What is being asked - Leave out the images; return the rest of the data exactly.

Provided data -
**********

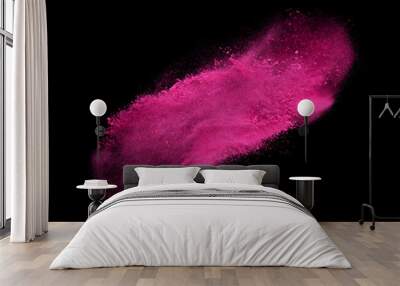 colorful powder splash isolated on black background Wall mural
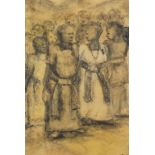 Eddie Kivambi - Baganda Women Ready for a Party, African school charcoal, mounted, framed and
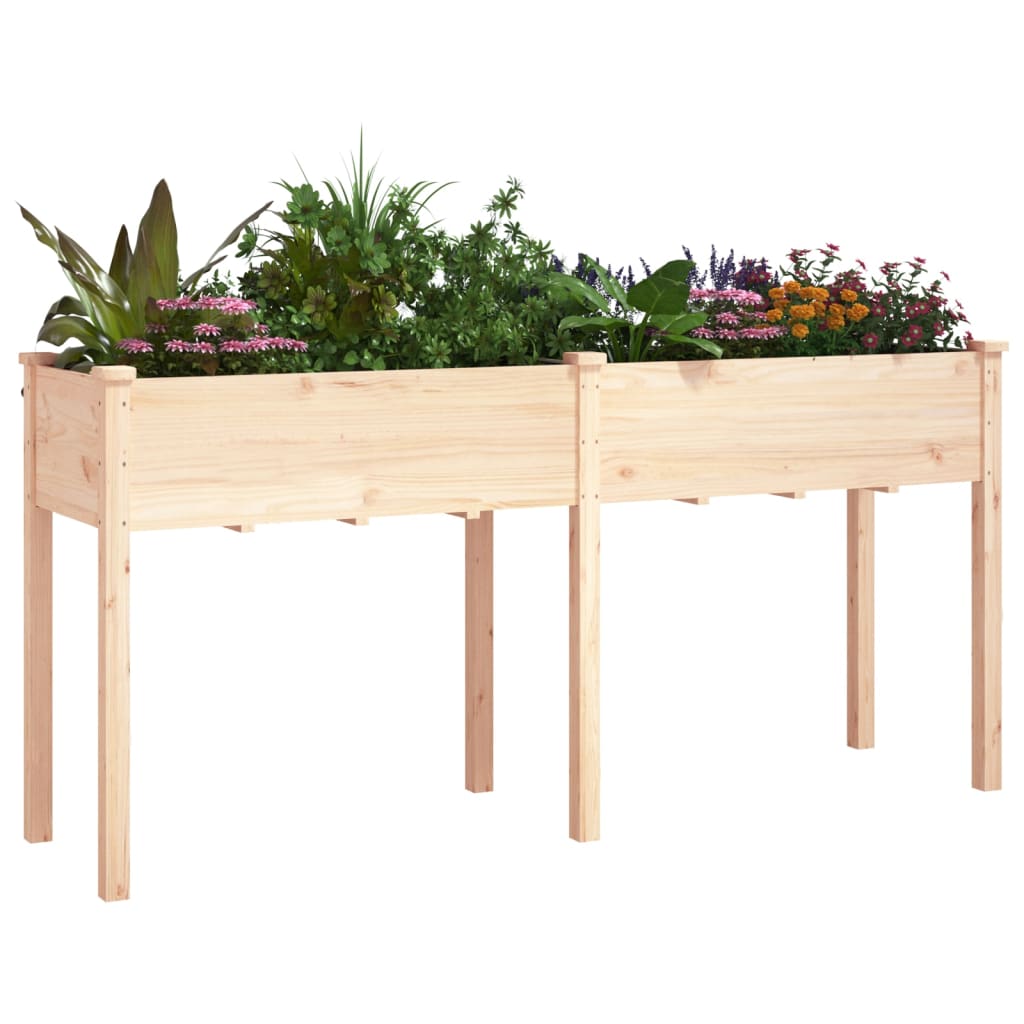 Jardinière avec doublure 161x45x76 cm bois massif de sapin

**********

Answer to the problem -
 colorful powder splash isolated on black background Wall mural
 Eddie Kivambi - Baganda Women Ready for a Party, African school charcoal, mounted, framed and
 Jardinière avec doublure 161x45x76 cm bois massif de sapin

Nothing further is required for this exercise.